## Work request
Once you reach the line with "CAPTAINS HELM】新作商品発売 –" below, copy each line exactly, stopping after the line with "TOHO Round Seed Beads SEED-TR08-0911-1", and skip any pictures.

## Records provided
※
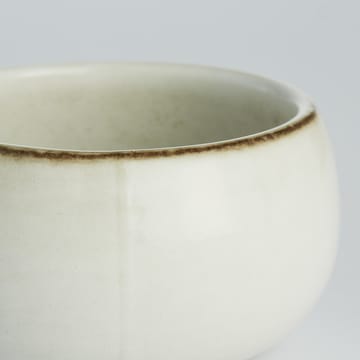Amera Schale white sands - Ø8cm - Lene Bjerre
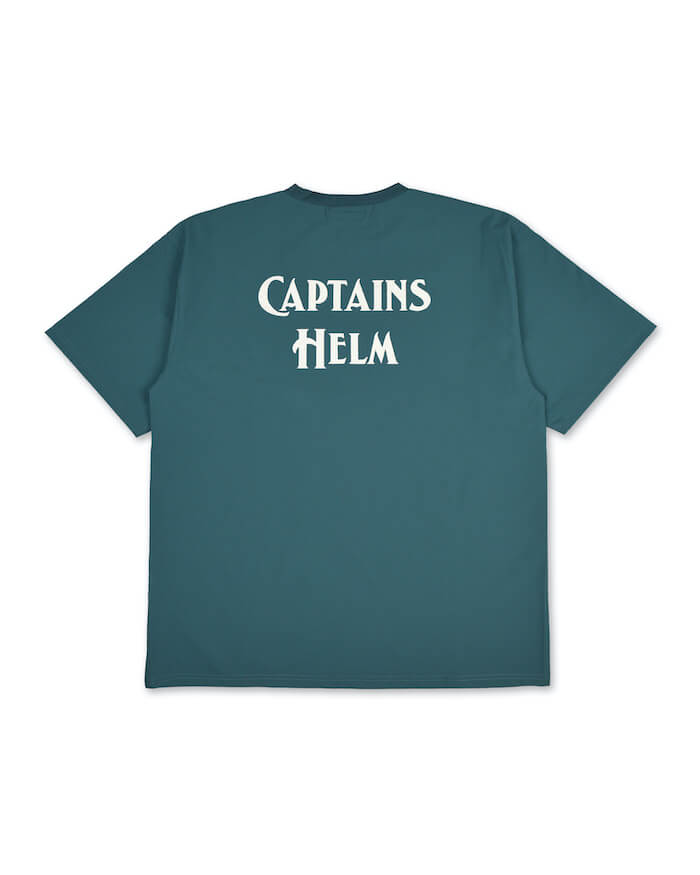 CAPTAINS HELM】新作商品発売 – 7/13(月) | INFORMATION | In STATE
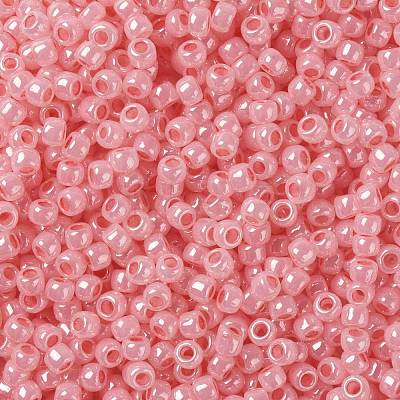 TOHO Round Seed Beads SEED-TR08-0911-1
※
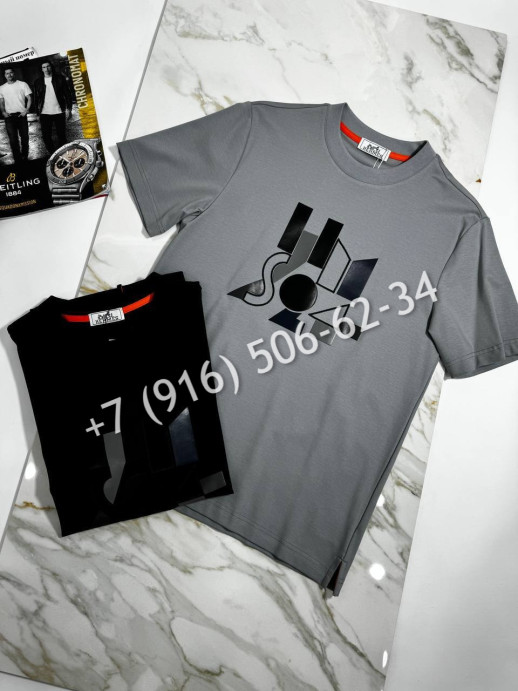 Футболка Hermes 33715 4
※
## Solution
 CAPTAINS HELM】新作商品発売 – 7/13(月) | INFORMATION | In STATE
 TOHO Round Seed Beads SEED-TR08-0911-1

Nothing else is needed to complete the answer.